The number of ways of choosing triplet $(x,y,z)$ such that $z>max\text{of}(x,y)$ and $x,y,z\in \{1,2,...,n,n+1\}$ is

• A. ${}^{n+1}{C}_3+{}^{n+2}{C}_3$
• B. $\frac{n(n+1)(2n+1)}{6}$
• C. ${}^{n+3}{C}_3$
• D. $2{(}^{n+2}{C}_3)-{}^{n+1}{C}_2$

Answer 1

Answer: (B), (D)

The correct options are
B $\frac{n(n+1)(2n+1)}{6}$
D $2{(}^{n+2}{C}_3)-{}^{n+1}{C}_2$

When $z=n+1$, we can choose $x,y$ from $\{1,2,...,n\}$.
When $z=n+1,x,y$ can be chosen in $n^2$ ways and when $z=n,x,y$ can be chosen in $(n-1{)}^2$ ways and so on.
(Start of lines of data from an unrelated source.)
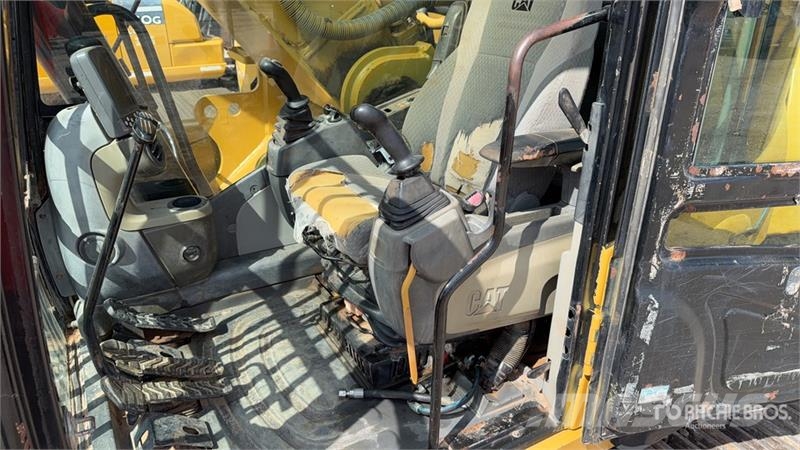 CAT 336DL Tracked Excavator Bagri goseničarji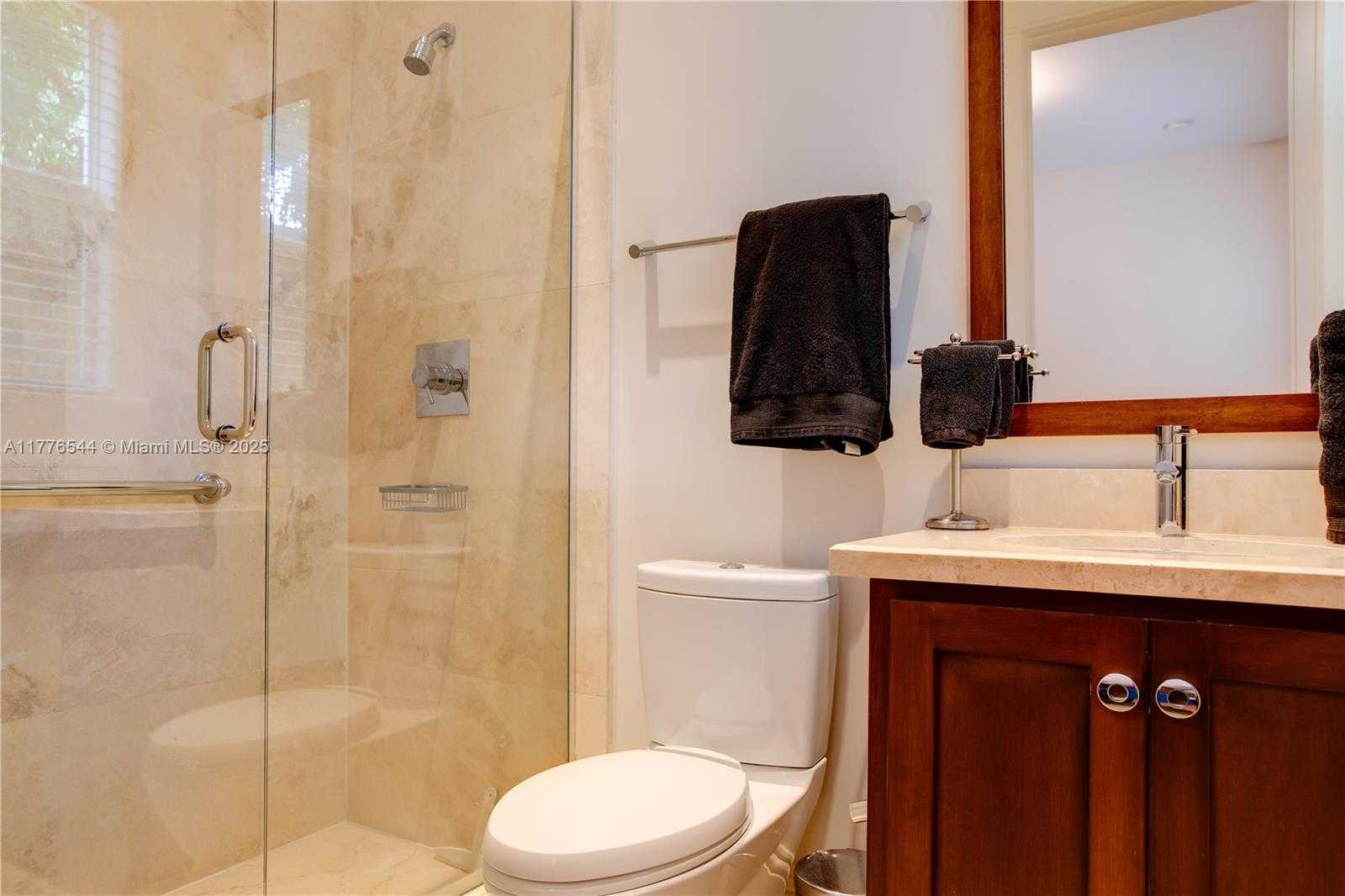 Small Image of 2515 SWANSON AVE #2515, Miami Number 16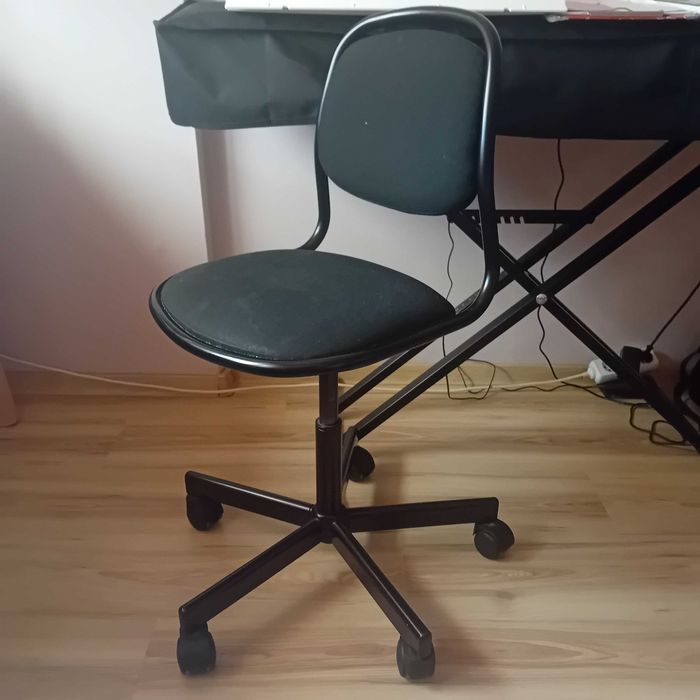 Krzesło biurkowe obrotowe dziecięce IKEA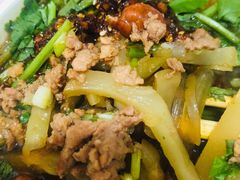-八哥酸辣粉(大中路步行街店)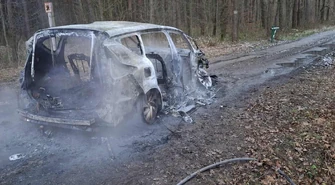 Pożar minivana w lesie. Auto doszczętnie spłonęło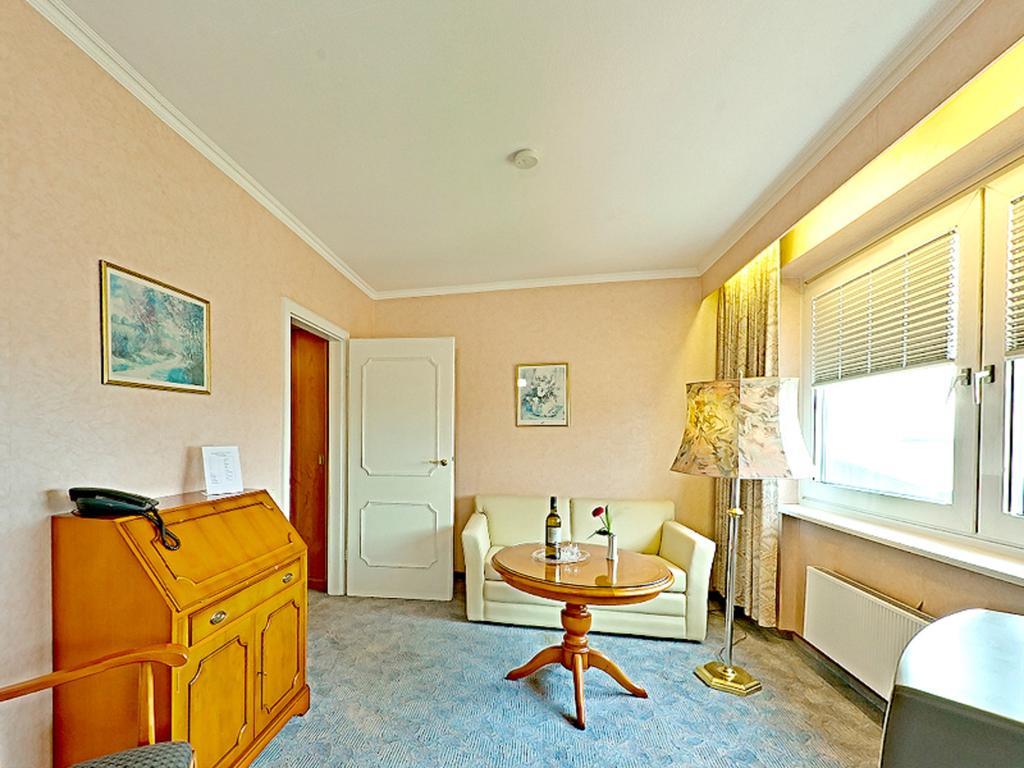 Wiking Hotel Генштедт-Ульцбург Екстер'єр фото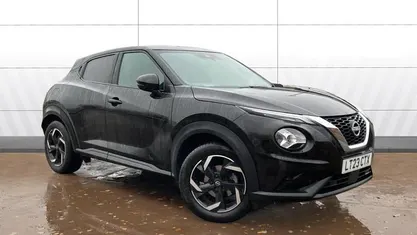 Used 2023 Nissan Juke N-Connecta SUV | £15,538 (Fair price)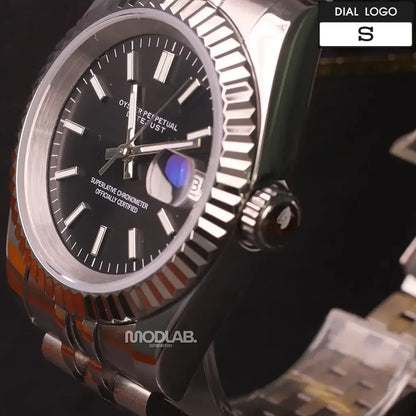 Seikojust | Classic Black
Therefore, the number of ways of choosing triplets is

$n^2+(n-1{)}^2+....+1^2=\frac{1}{6}n(n+1\left)\right(2n+1)$

Alternate Solution:
Possiblilities of the triplets are
$x=y<z,x<y<z,y<x<z$ can be chosen in ${}^{n+1}{C}_2,{}^{n+1}{C}_3,{}^{n+1}{C}_3$ ways. Therefore number of ways
$={}^{n+1}{C}_2+2{(}^{n+1}{C}_3)={}^{n+2}{C}_3+{}^{n+1}{C}_3=2{(}^{n+2}{C}_3)-{}^{n+1}{C}_2$